It is part of a longer-term policy by which childcare has become more focused on being a public service for families where both parents are in work, in order to encourage work, rather than 20 years ago when it was focused more on helping those on the lowest incomes and providing high-quality child education. So we have moved very much in that direction over the last 20 years. But, again, this is a relatively limited offer in some sense. This is not going to give you 40 hours a week, 52 weeks a year, or anything like it. It works out at an average of 22 hours a week over a year, which will obviously help a lot, but for mothers who use 22 hours a week, for example, we know that working 22 hours a week is not very helpful, to put it mildly, for long-term development in the labour market, if that is what the purpose is.
That said, this appears to us to be yet another step in the creation of what over the last 20 years has been a whole new leg of the welfare state. Twenty-five years ago, the state really did nothing to provide childcare. It is now, or will be, providing free childcare for a significant amount of time for a large number of children between nine months and school age. That is a substantive change over that period, but, as I say, with a stepping back from doing this in order to support the development of the most disadvantaged children.
Charlotte Pickles: To Paul's point about the objective of childcare—I emphasise the word ‘care’—this is absolutely not a view on the quality of any individual childminder out there, but there is a difference between a babysitting function to allow parents to go out to work, and high-quality, early-years interventions. We have not had that conversation at all.

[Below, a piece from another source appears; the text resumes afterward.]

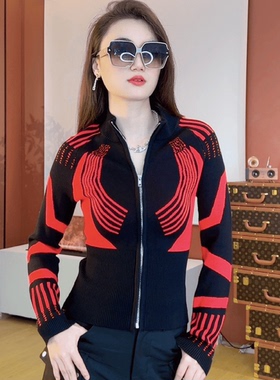 春季欧美撞色时尚运动拉链针织开衫2024新品修身气质干练毛衣上衣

There is also a question here about whether the overarching aim of government should be to increase the participation rate of parents by 60,000, or might we want to think about the fact that there is quite a lot of evidence showing that, in those early years, having a parent at home can have quite a big impact on the development of that child? Again, thinking about short-term/long-term value from taxpayers’ pounds, is this going to be the best value?
There is also definitely a question about what families want for their children and their development. Setting aside those perhaps not philosophical but bigger-page questions, will it achieve its goals? Paul is the expert on how solid the behavioural assumptions are. We would say that they are probably good, but you would not want to stake your lunch on it. We will see if there do turn out to be 60,000 in work, but there are clearly massive challenges here in achieving that. Where is the workforce coming from? We have talked about workforce in social care, in the NHS, and more broadly in the public sector, but if you talk to people in the industry they will tell you that they are struggling to recruit.
There are some upfront incentives in the Budget such as grants, which is good, and hopefully that will make a difference, but this is not a well-paid industry either. If you are self-employed and earning less hourly than the minimum wage, and you can go to Aldi or Lidl or another supermarket and earn significantly more, why would you not do that? Again, this falls into the category of how we think about the workforce and whether we have a workforce that can deliver the ambition that we are setting out here in policy terms.
Then, of course, there is also a question about whether the increase in the hourly rate of payment will be sufficient to cover the costs. You might say, ‘The sector would say that it needs more money, wouldn’t it?’ But there probably is something in whether this is sufficient to meet the demand that you are potentially creating. The test of all policy is surely whether it is deliverable, and I am not sure we have answered all those questions as to whether this one is. There are some quite big issues that we would need to think about.
The one thing that was in the Budget which I think is fantastic is pulling forward the childcare coverage for Universal Credit claimants. Benefit claimants now getting that money up front rather than in arrears is quite a gamechanger and will make a big difference; it is really positive. Also, the amount you can claim in universal credit has been uprated by CPI from when it was frozen, so you can now get hundreds of pounds more in UC.
The bit that is targeted at low-income families in the means-tested system is really positive, and hopefully we will see a shift of people into work from that, but obviously that is a much smaller element than the much larger amount of money that will those who are already in work. I do not have children, but I would be slightly more sympathetic to saying there probably are middle-income families where a woman is working basically to pay childcare costs, so there is some value in recognising the system is fundamentally broken in terms of costs, which I think you would say as well, Paul.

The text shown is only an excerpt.